TASK PROMPT: Only one span is wanted from the lines below: from the one with "9831 Alburtis Avenue - Photo Thumbnail 6" up to and including the one with "Used 2019 Ford". Copy it exactly, without images.

DATA EXTRACT:
┄┄┄┄┄┄┄┄┄┄┄┄┄┄┄┄┄┄┄┄

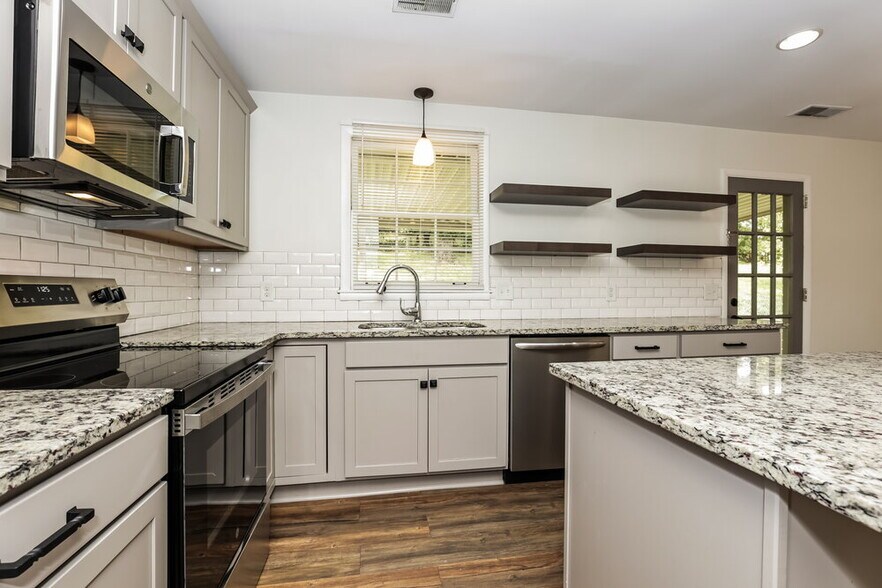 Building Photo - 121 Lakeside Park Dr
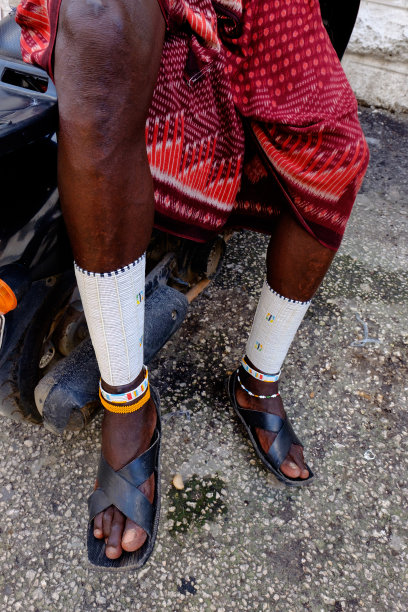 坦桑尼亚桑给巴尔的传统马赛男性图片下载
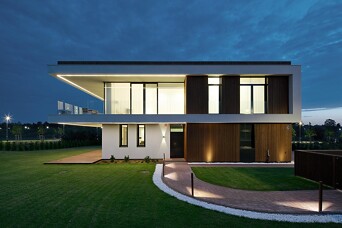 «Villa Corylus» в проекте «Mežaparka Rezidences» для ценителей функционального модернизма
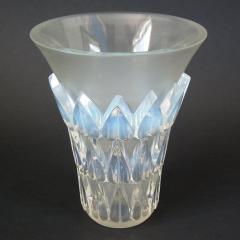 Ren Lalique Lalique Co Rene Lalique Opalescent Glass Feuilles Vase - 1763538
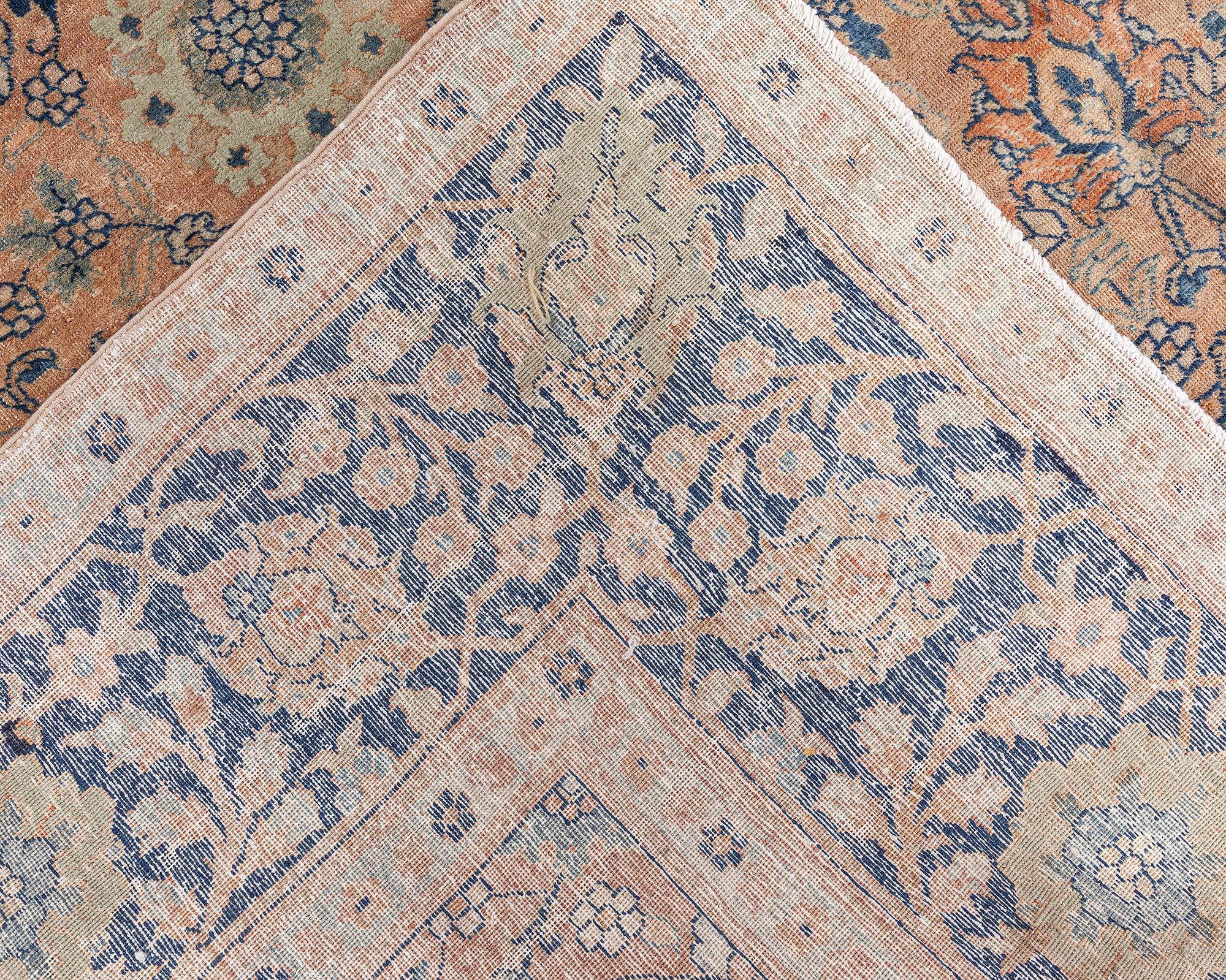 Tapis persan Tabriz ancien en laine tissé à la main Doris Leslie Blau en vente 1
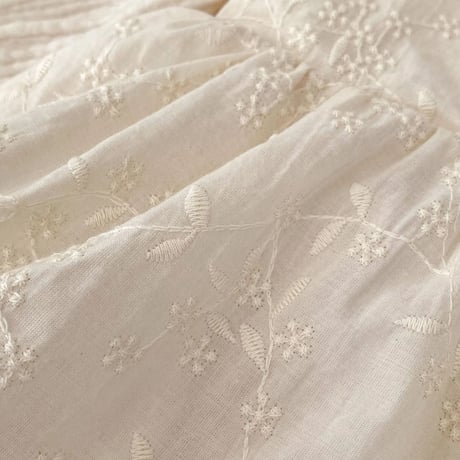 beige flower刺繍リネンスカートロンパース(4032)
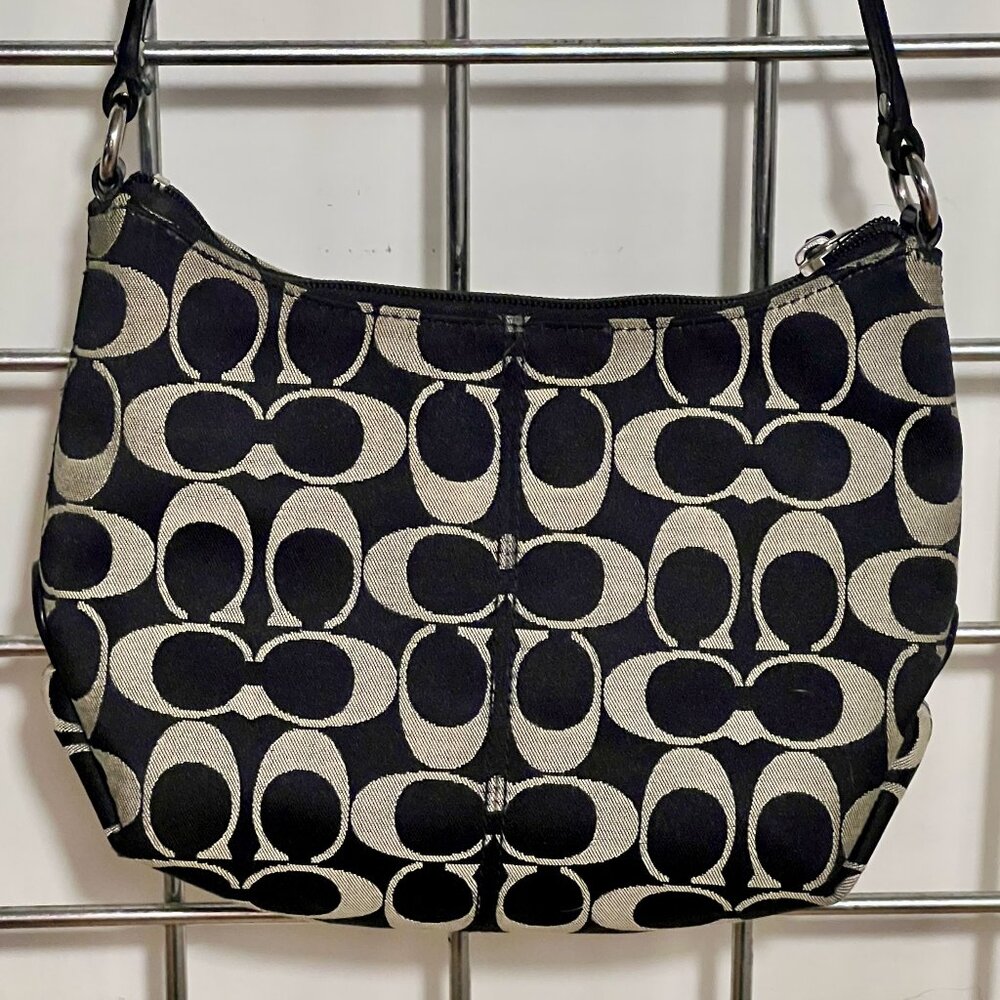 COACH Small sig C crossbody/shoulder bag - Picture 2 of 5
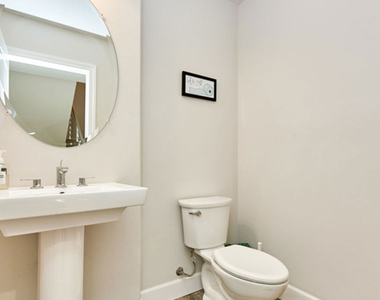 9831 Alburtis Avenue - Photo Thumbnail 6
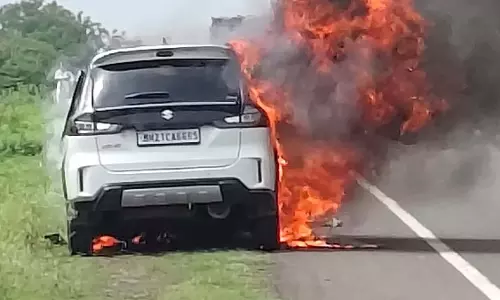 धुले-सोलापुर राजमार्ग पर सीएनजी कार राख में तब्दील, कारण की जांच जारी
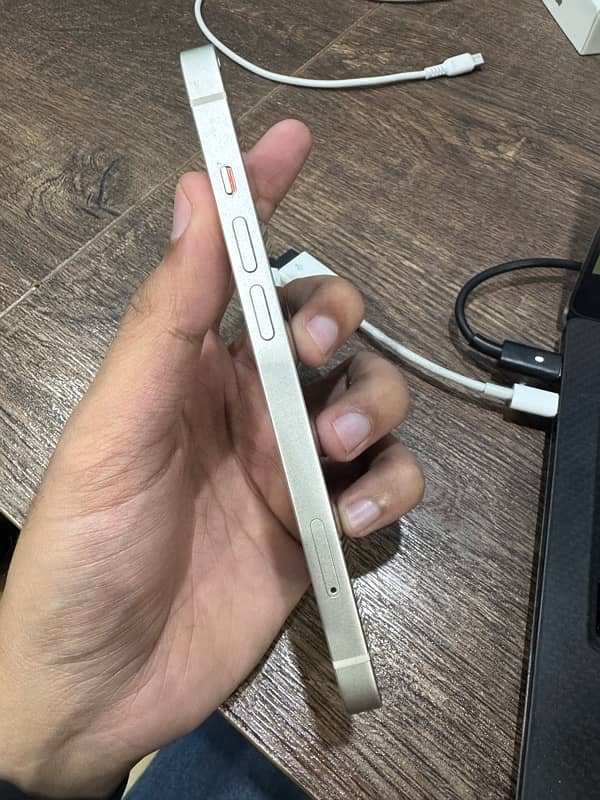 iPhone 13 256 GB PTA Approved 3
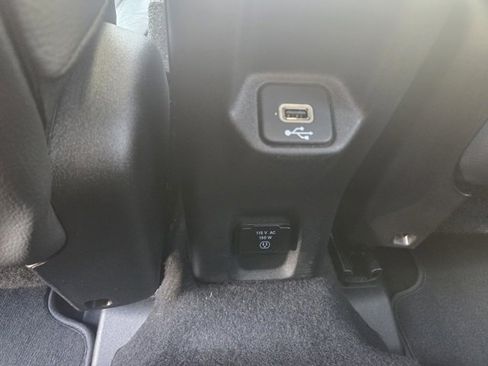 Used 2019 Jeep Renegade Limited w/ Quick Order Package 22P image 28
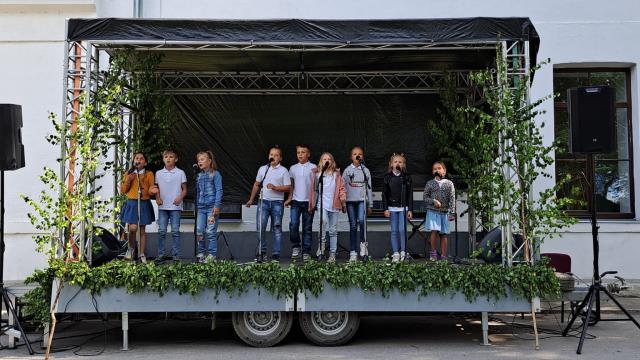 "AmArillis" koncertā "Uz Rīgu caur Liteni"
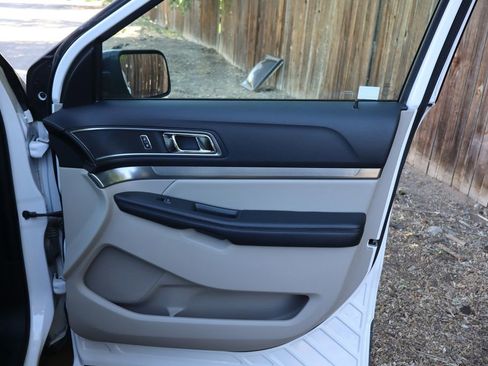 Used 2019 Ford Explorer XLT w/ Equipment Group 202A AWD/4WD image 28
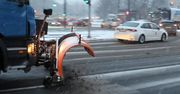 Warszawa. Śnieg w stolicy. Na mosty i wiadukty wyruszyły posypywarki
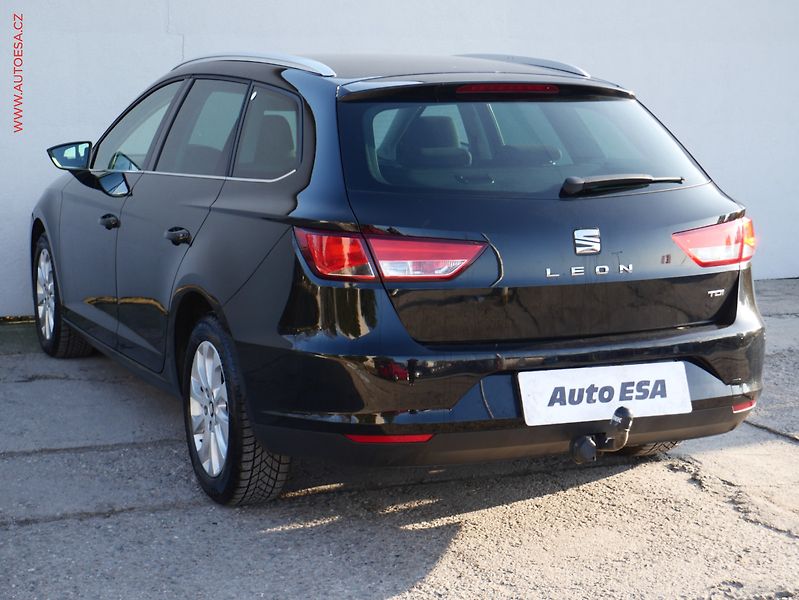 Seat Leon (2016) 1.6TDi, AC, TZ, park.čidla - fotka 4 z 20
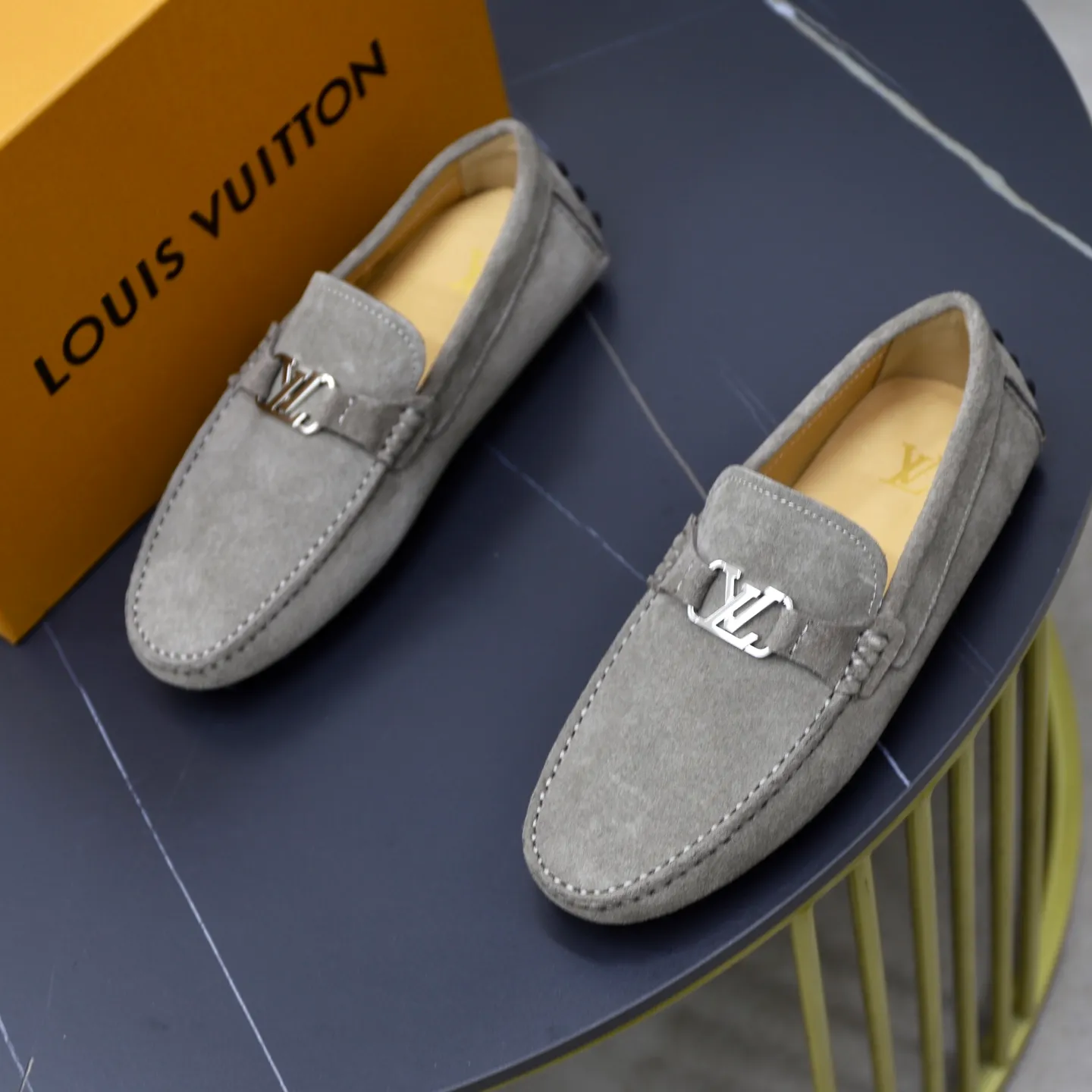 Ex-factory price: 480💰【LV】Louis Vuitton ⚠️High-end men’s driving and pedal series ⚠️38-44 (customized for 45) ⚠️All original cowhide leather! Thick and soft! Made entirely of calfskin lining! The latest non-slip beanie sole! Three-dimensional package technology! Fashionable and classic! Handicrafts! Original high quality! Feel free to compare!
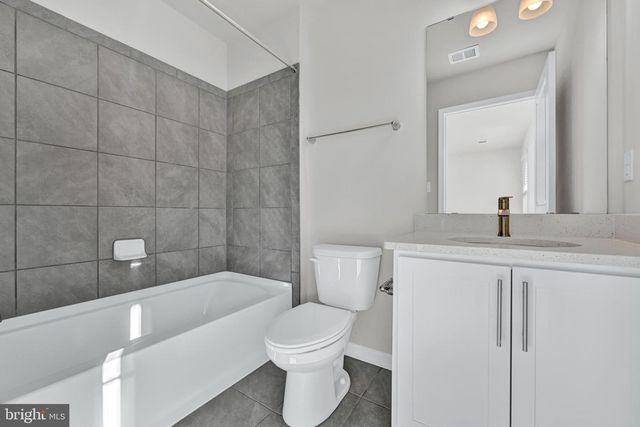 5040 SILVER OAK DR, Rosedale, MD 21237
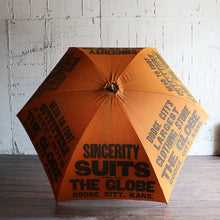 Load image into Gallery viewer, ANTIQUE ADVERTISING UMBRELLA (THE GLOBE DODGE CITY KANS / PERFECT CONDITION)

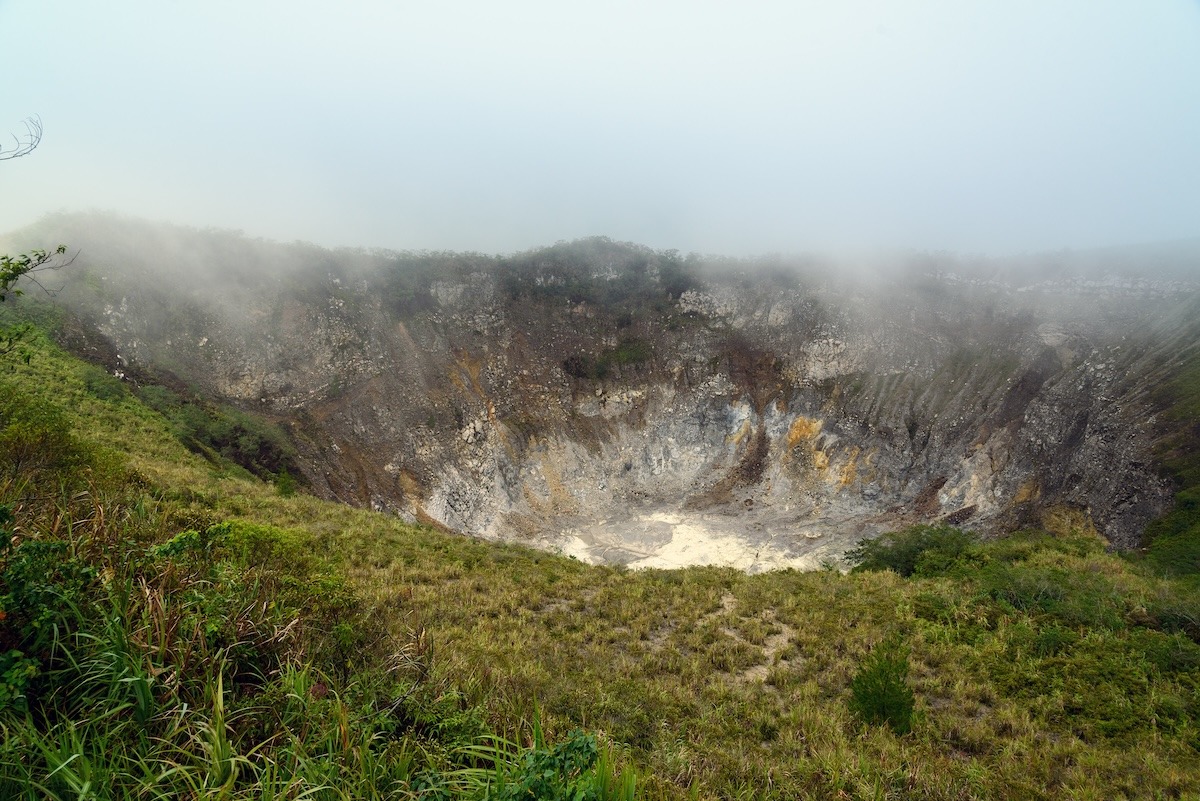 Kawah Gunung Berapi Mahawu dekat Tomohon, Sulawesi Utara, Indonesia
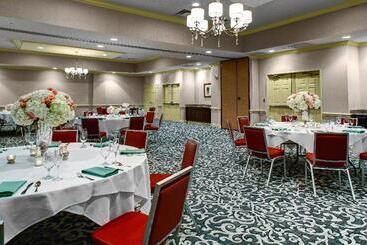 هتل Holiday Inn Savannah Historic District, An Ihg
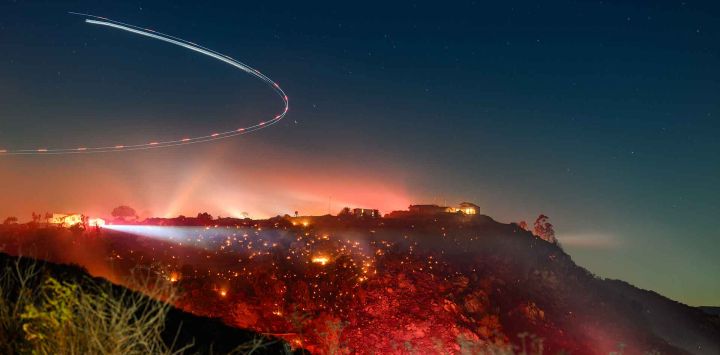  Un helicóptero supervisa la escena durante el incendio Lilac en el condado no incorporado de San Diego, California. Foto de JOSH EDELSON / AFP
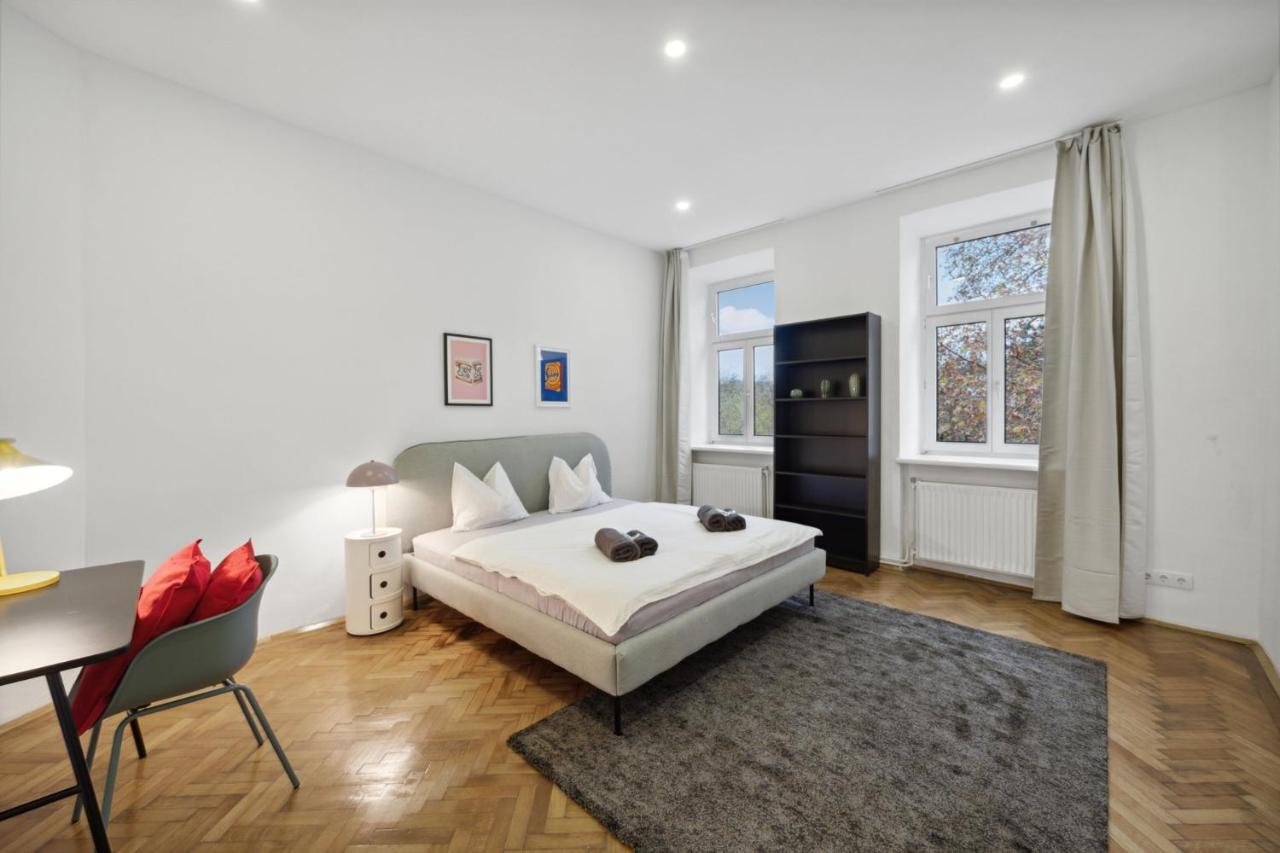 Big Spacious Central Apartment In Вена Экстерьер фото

┄┄┄┄┄┄┄┄┄┄┄┄┄┄┄┄┄┄┄┄

REPLY:
 9831 Alburtis Avenue - Photo Thumbnail 6
 धुले-सोलापुर राजमार्ग पर सीएनजी कार राख में तब्दील, कारण की जांच जारी
 iPhone 13 256 GB PTA Approved 3
 Used 2019 Jeep Renegade Limited w/ Quick Order Package 22P image 28
 "AmArillis" koncertā "Uz Rīgu caur Liteni"
 Used 2019 Ford Explorer XLT w/ Equipment Group 202A AWD/4WD image 28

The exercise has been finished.